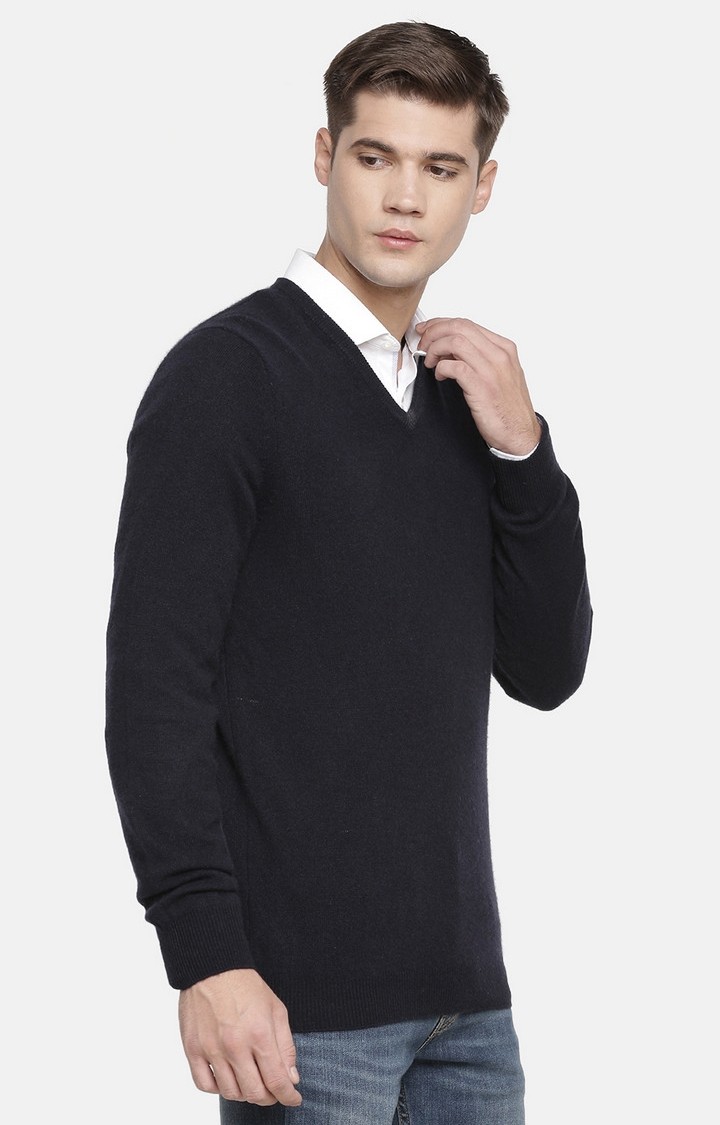 Men's Blue Solid Sweaters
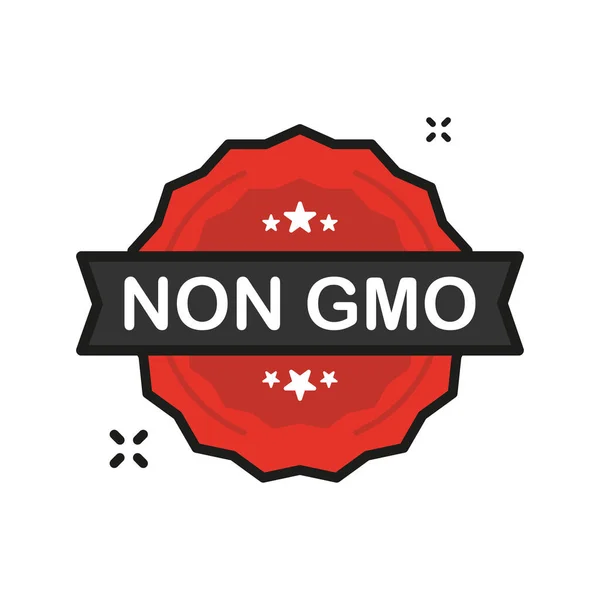Non Gmo Organic Nature Badge Red Stamp Icon Flat Style — Stock Vector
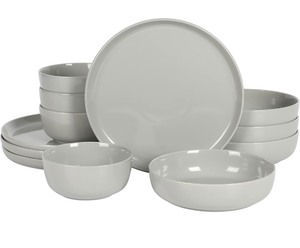 lot 72 image: Gibson Home Oslo 12 Piece Dinnerware Set - Gray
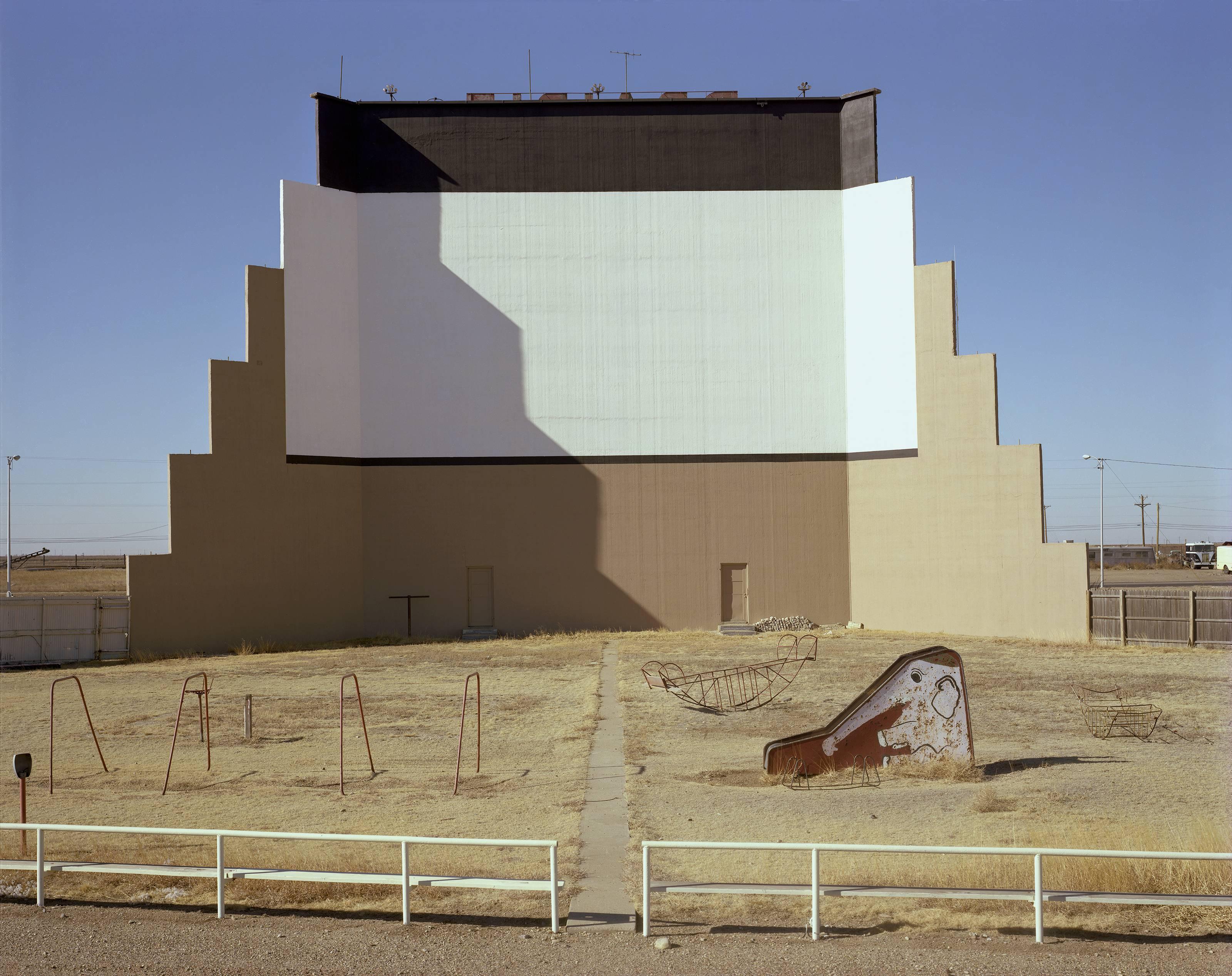 Steve Fitch Color Photograph - Prairie Drive-in theater, Dumas, Texas, January 9, 1981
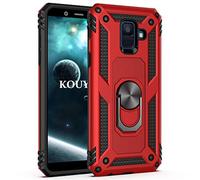 KOUYI Coque Samsung Galaxy A6 Plus 2018,Double Couche Renforcée Défense Bumper TPU Silicone Antichoc Armure Housse Etui avec Anneau Support pour Samsung Galaxy A6 Plus 2018 (Rouge)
○ ○ ○ ○ ○ ○ ○
# YOUR INSTRUCTIONS
Leave the pictures out. Transcribe exactly the lines from the one with "Steve Fitch Color" through the end of the records.

# SOLUTION FOR THIS TASK
 Steve Fitch Color Photograph - Prairie Drive-in theater, Dumas, Texas, January 9, 1981
 KOUYI Coque Samsung Galaxy A6 Plus 2018,Double Couche Renforcée Défense Bumper TPU Silicone Antichoc Armure Housse Etui avec Anneau Support pour Samsung Galaxy A6 Plus 2018 (Rouge)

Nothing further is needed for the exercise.